__Exercise aim__. Reproduce each entry below in full, exactly as it was given.

__Data for this task__.
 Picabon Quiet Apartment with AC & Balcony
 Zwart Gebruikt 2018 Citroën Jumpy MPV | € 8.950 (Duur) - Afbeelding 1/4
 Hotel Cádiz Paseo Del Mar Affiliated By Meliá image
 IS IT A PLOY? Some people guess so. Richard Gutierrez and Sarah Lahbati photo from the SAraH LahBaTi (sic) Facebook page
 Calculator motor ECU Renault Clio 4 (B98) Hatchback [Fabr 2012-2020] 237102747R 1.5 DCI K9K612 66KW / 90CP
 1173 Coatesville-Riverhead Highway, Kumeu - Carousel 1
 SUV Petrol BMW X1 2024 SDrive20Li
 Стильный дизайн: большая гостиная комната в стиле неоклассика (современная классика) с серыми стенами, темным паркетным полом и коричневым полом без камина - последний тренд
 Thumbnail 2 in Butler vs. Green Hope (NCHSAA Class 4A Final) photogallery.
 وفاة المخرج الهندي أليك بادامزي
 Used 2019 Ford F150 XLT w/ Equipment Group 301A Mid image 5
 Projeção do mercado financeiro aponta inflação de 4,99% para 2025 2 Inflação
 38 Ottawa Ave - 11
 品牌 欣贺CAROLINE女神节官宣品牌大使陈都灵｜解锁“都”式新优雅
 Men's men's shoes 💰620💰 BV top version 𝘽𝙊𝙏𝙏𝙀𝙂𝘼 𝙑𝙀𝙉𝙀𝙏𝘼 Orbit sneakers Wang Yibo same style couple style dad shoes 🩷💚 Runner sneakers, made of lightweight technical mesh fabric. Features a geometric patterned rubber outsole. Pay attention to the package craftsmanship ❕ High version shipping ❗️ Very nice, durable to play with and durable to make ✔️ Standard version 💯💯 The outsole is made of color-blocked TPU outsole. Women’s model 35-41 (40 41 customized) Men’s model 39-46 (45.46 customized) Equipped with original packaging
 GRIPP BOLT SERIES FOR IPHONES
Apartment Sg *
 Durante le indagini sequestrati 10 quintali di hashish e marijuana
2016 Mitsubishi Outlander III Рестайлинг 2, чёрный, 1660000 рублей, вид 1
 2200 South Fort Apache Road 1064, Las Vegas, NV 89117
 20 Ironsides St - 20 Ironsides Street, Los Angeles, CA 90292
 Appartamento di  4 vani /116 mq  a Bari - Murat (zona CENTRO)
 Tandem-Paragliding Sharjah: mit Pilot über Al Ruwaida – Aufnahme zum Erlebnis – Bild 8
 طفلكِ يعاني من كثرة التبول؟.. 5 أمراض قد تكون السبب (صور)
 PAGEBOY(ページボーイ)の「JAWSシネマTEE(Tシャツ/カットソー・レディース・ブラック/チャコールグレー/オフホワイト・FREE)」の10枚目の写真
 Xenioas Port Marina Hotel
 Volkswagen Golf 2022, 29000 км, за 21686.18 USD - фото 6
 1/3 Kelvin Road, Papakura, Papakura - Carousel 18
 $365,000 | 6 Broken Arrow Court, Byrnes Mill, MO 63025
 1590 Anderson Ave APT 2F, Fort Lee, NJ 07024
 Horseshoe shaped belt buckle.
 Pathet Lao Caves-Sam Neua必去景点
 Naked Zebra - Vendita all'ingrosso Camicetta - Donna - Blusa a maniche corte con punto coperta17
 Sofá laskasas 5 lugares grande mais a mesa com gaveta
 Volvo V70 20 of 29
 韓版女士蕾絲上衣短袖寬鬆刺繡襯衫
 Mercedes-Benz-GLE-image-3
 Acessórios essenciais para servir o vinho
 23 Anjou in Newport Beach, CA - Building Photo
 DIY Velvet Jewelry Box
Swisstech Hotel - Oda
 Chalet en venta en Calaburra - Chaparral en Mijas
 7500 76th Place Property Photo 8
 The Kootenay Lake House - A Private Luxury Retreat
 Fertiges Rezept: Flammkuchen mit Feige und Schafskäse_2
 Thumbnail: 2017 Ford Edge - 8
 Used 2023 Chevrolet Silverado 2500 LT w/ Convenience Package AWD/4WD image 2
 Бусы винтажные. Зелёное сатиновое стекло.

__Answer for the task__.
 Picabon Quiet Apartment with AC & Balcony
 Zwart Gebruikt 2018 Citroën Jumpy MPV | € 8.950 (Duur) - Afbeelding 1/4
 Hotel Cádiz Paseo Del Mar Affiliated By Meliá image
 IS IT A PLOY? Some people guess so. Richard Gutierrez and Sarah Lahbati photo from the SAraH LahBaTi (sic) Facebook page
 Calculator motor ECU Renault Clio 4 (B98) Hatchback [Fabr 2012-2020] 237102747R 1.5 DCI K9K612 66KW / 90CP
 1173 Coatesville-Riverhead Highway, Kumeu - Carousel 1
 SUV Petrol BMW X1 2024 SDrive20Li
 Стильный дизайн: большая гостиная комната в стиле неоклассика (современная классика) с серыми стенами, темным паркетным полом и коричневым полом без камина - последний тренд
 Thumbnail 2 in Butler vs. Green Hope (NCHSAA Class 4A Final) photogallery.
 وفاة المخرج الهندي أليك بادامزي
 Used 2019 Ford F150 XLT w/ Equipment Group 301A Mid image 5
 Projeção do mercado financeiro aponta inflação de 4,99% para 2025 2 Inflação
 38 Ottawa Ave - 11
 品牌 欣贺CAROLINE女神节官宣品牌大使陈都灵｜解锁“都”式新优雅
 Men's men's shoes 💰620💰 BV top version 𝘽𝙊𝙏𝙏𝙀𝙂𝘼 𝙑𝙀𝙉𝙀𝙏𝘼 Orbit sneakers Wang Yibo same style couple style dad shoes 🩷💚 Runner sneakers, made of lightweight technical mesh fabric. Features a geometric patterned rubber outsole. Pay attention to the package craftsmanship ❕ High version shipping ❗️ Very nice, durable to play with and durable to make ✔️ Standard version 💯💯 The outsole is made of color-blocked TPU outsole. Women’s model 35-41 (40 41 customized) Men’s model 39-46 (45.46 customized) Equipped with original packaging
 GRIPP BOLT SERIES FOR IPHONES
Apartment Sg *
 Durante le indagini sequestrati 10 quintali di hashish e marijuana
2016 Mitsubishi Outlander III Рестайлинг 2, чёрный, 1660000 рублей, вид 1
 2200 South Fort Apache Road 1064, Las Vegas, NV 89117
 20 Ironsides St - 20 Ironsides Street, Los Angeles, CA 90292
 Appartamento di  4 vani /116 mq  a Bari - Murat (zona CENTRO)
 Tandem-Paragliding Sharjah: mit Pilot über Al Ruwaida – Aufnahme zum Erlebnis – Bild 8
 طفلكِ يعاني من كثرة التبول؟.. 5 أمراض قد تكون السبب (صور)
 PAGEBOY(ページボーイ)の「JAWSシネマTEE(Tシャツ/カットソー・レディース・ブラック/チャコールグレー/オフホワイト・FREE)」の10枚目の写真
 Xenioas Port Marina Hotel
 Volkswagen Golf 2022, 29000 км, за 21686.18 USD - фото 6
 1/3 Kelvin Road, Papakura, Papakura - Carousel 18
 $365,000 | 6 Broken Arrow Court, Byrnes Mill, MO 63025
 1590 Anderson Ave APT 2F, Fort Lee, NJ 07024
 Horseshoe shaped belt buckle.
 Pathet Lao Caves-Sam Neua必去景点
 Naked Zebra - Vendita all'ingrosso Camicetta - Donna - Blusa a maniche corte con punto coperta17
 Sofá laskasas 5 lugares grande mais a mesa com gaveta
 Volvo V70 20 of 29
 韓版女士蕾絲上衣短袖寬鬆刺繡襯衫
 Mercedes-Benz-GLE-image-3
 Acessórios essenciais para servir o vinho
 23 Anjou in Newport Beach, CA - Building Photo
 DIY Velvet Jewelry Box
Swisstech Hotel - Oda
 Chalet en venta en Calaburra - Chaparral en Mijas
 7500 76th Place Property Photo 8
 The Kootenay Lake House - A Private Luxury Retreat
 Fertiges Rezept: Flammkuchen mit Feige und Schafskäse_2
 Thumbnail: 2017 Ford Edge - 8
 Used 2023 Chevrolet Silverado 2500 LT w/ Convenience Package AWD/4WD image 2
 Бусы винтажные. Зелёное сатиновое стекло.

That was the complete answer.